Language ability is often impaired in children with autism spectrum disorder (ASD). Language ability in the
preschool years is a powerful predictor of outcomes. In these early years, parents are a primary source of early language.
It is therefore crucial to study the language input that parents of children with ASD provide and children's abilities to
comprehend and learn from that input. In the current proposal, we study how preschoolers with ASD and typically-
developing (TD) peers assign meaning to the language they hear, and how parental language input supports these efforts.

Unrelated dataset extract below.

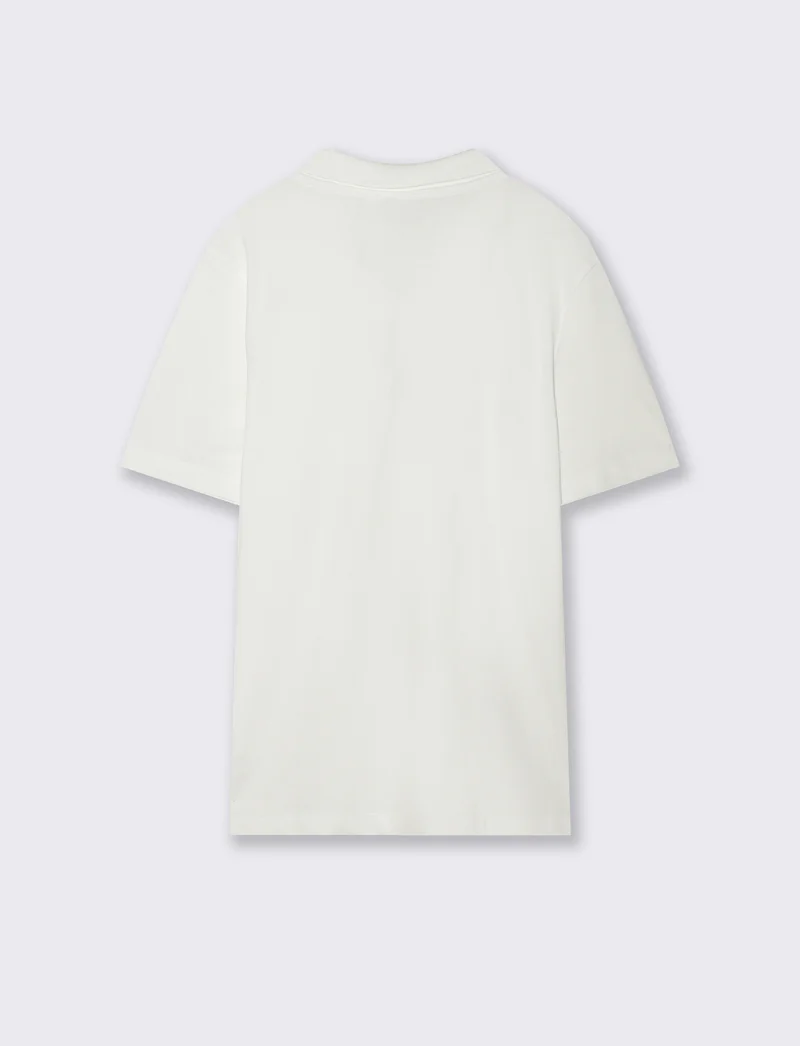 Polo in piquet elasticizzato premium - Bianco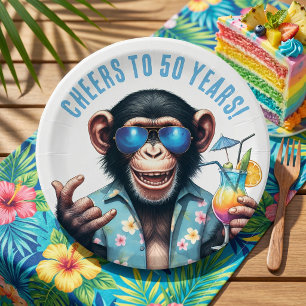 Cheers to 50 Years Summer Monkey 50th Birthday Paper Plate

More specifically, our goal is to understand how children learn the meanings of new words. We focus on verbs
because the sentence contexts in which unfamiliar verbs are heard provide helpful information for TD children to acquire
their meaning. However, we know little about what kinds of sentence contexts are most useful in ASD, or about what
kinds of contexts parents provide in their own speech. To pursue this issue, we present children with unfamiliar words
either in carefully constructed linguistic contexts, varying how informative and easy-to-process they are, as well as the
number of repetitions of each context (Study 1) or unscripted sentence contexts produced by their own parent (Study 2).
We use eye-tracking measures to assess how children understand the contexts and assign the words a meaning.
This research will shed light on the mechanisms underlying language learning in ASD and in TD and will support
the development of effective language interventions, including parent-based interventions.